What are Stable Diffusion and Disco Diffusion? How to use those tools for one’s own projects? What are their contributions, or disruptions, to the artificial intelligence (AI) generated art, human creativity, or even more ambitiously, human society?
In this post, we compile a host of resources, guided by these questions, to get you started with using the state-of-the-art tools for your own work, while keeping the broader issues associated with AI art in mind. Our focus is text-to-image models, for the moment.
What are Stable Diffusion and Disco Diffusion? How do they work?
Stable Diffusion and Disco Diffusion are two pieces of open source software that generate images in response to a language prompt. A prompt, which is a series of words, is a key to tuning the tools to translate your thoughts into images. We will return to this trick later.
Both Stable Diffusion and Disco Diffusion are based on diffusion models. Stable Diffusion uses a latent diffusion model, and Disco Diffusion is a CLIP-guided diffusion model. These machine learning systems iteratively add random noise to data and learn to reverse the process to remove noise to construct a desired final sample, such as an image.
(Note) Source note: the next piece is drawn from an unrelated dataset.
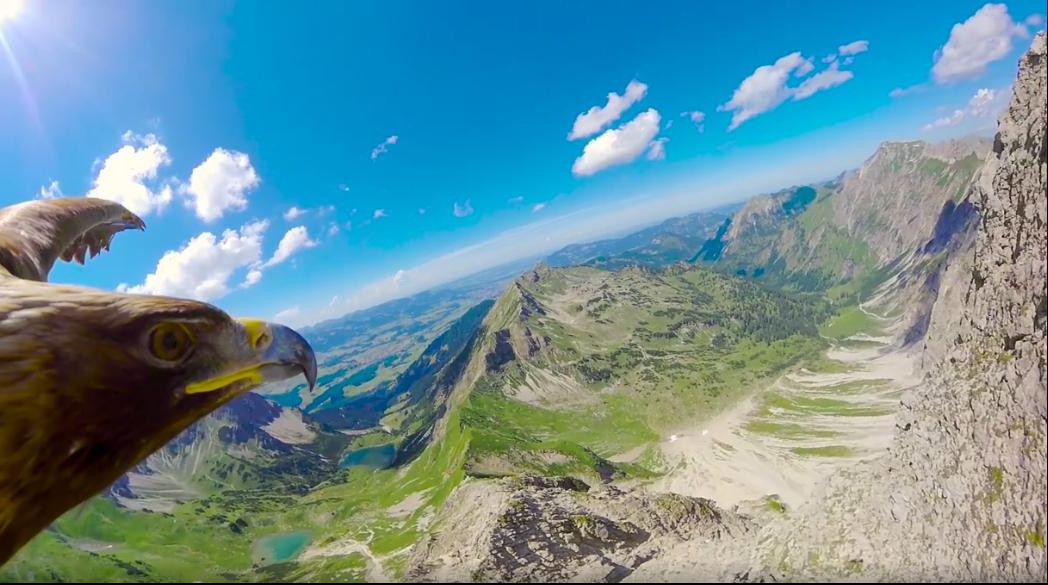 (VIDEO) NA KRILIMA ORLA: Alpi kakve još niste videli!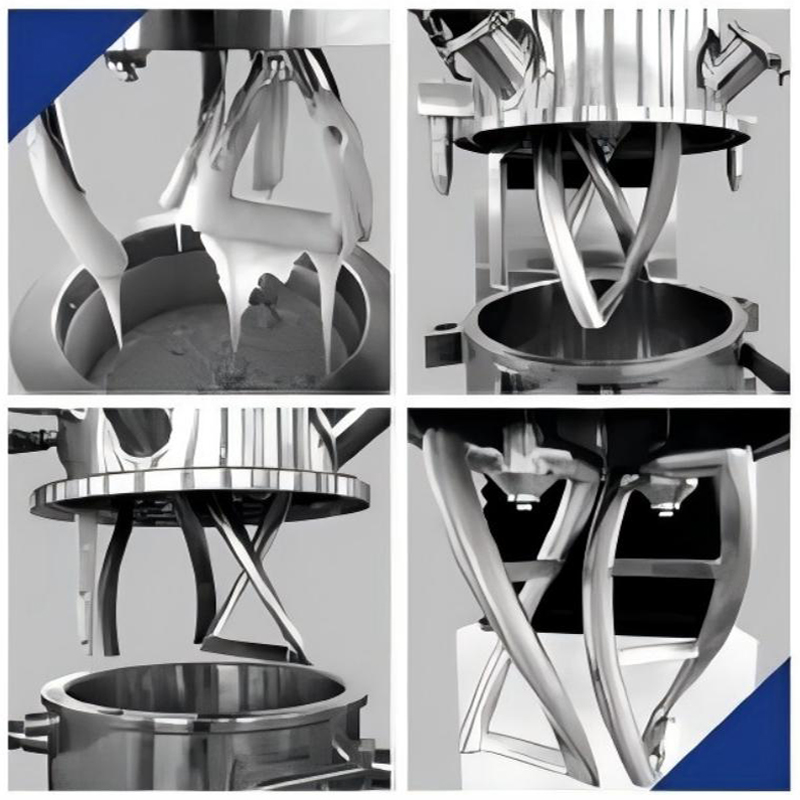 Claw Blades Planetary Mixer2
One of the main components of the two models is the text encoder, built upon CLIP (Contrastive Language-Image Pre-Training). CLIP is a neural network for image classification or image-text similarity tasks that learns visual concepts from natural language.
Here at the Library, the two installations of Stable Diffusion and Disco Diffusion with user interfaces using local GPUs aim to make the creation process more accessible and more efficient.
How to use Stable Diffusion and Disco Diffusion?
To learn to talk to these text-to-image models, we first start with “prompt engineering”. A helpful analogy to understand this process is to think of a prompt as a search query just like how we use the Google search engine. Similarly, we give these image generators a search query to search among a structured representation of all the images it was trained on. We then evaluate the result, and refine the input text until the output image is the closest to our expectations among all possible outputs.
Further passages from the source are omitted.